Okay. I was thinking about the I'm curious regarding the ad prices for your gaming businesses, marketing, so of course, how that is impacted by ad prices on social media? Have you noticed significant changes in Q1 or Q4 there? Or is it sort of generally higher and higher?

Speaker 3

Yes. It depends of course what regions because it fluctuates quite a lot actually and also what media you are into. What we have seen increases obviously in frequency in many areas. We see strong traction there, of course, also for our products. And of course, we do see some of the social medias as well.

But that depends on where we are, depends on what kind of campaigns that we are producing. So we don't have a general view on that, to be fair.

Speaker 7

Okay. Fair enough. And the last question is about the subscriber growth for the 3rd party network grew significantly quarter on quarter. Can you explain why?

Speaker 4

Yes. There are a couple of drivers behind that, specifically 2 that sort of adds a lot of value and that's the Wow deal with new packaging that we've made in Denmark that has driven a very good solid growth for us. And the second one is new packaging in Sweden where we have added Seymour to the portfolio. So those 2 combined has given a very good traction in Phase II V, giving a net growth of 43,000.

Speaker 7

So this is not a one off, this is sustainable improvements?

Speaker 8

It's not a

Speaker 4

one off. These are 2 new product offerings. Again, we get a ramp up from the Wow deal, given that it's a completely new one. So you can expect that, that one sort of ramps up and then flattens out. Obviously, Seymour is also a new proposition and product for us in Sweden, but very encouraging results on the back of the launch.
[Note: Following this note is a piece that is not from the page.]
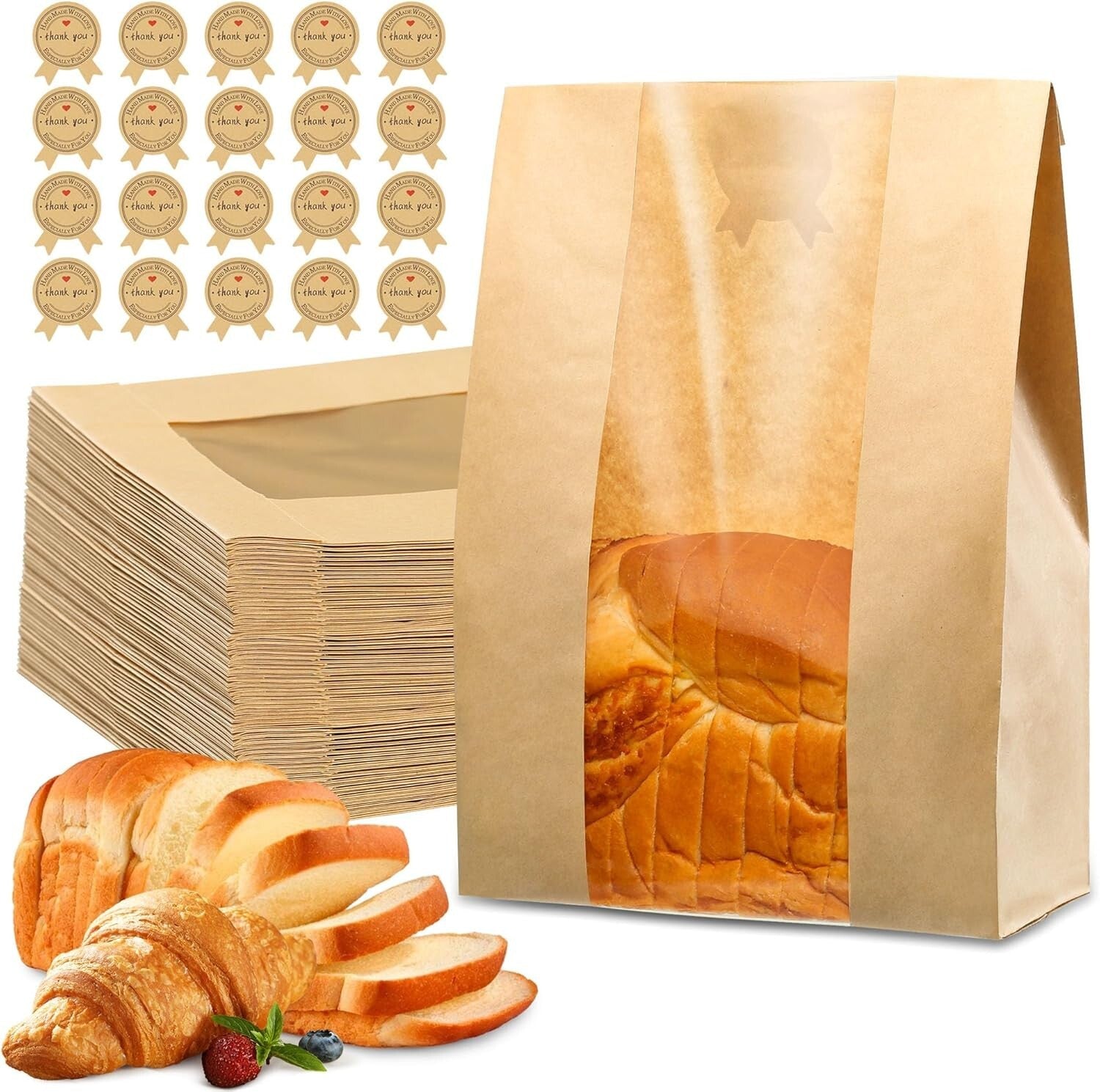 Eco-Friendly 200 Pcs Bakery Bags with Window & 210 Cute Seal Stickers Included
So we hope that one to continue to grow. But obviously, you'll get a ramp up when you launch 2 new products to the market.

Speaker 7

Okay. Excellent. Thanks.

Speaker 2

Thank The next question from Harry

Speaker 8

Coming back to the question here about subscribers in the 3rd party network in the Wow deal and see more. When remind me, when were those products launched?

Speaker 4

They were launched during Q1. The Wow deal quite recently, Seymour, we launched gradually with the start in February. So basically, you have roughly 1.5 months effect on both of them in the Q1.

Speaker 8

Okay. Thank you. And also staying with the 3rd party, how did the ARPU develop in that segment in the quarter?

Speaker 4

The ARPU on 3rd party networks were fairly stable year on year. We also see some increased stability in our traditional DTH segment year on year. So looking forward to the rest of the year, we expect to be fairly stable on ARPUs on both third party and core networks for us. Okay.

Speaker 8

And then if we move on to esports. I know you mentioned you have a strong pipeline in Q2 compared to Q2 last year. I think you said 4 events versus 2 last year. But if we compare it to Q4 2017, how does the pipeline compare then?

Speaker 3

Yes. I think when you the events were planned, as you can say. And gradually, you get more and more customers in. That means you get more sponsors in and you get more media companies in over time, obviously. So spot events were planned when we discussed in Q4.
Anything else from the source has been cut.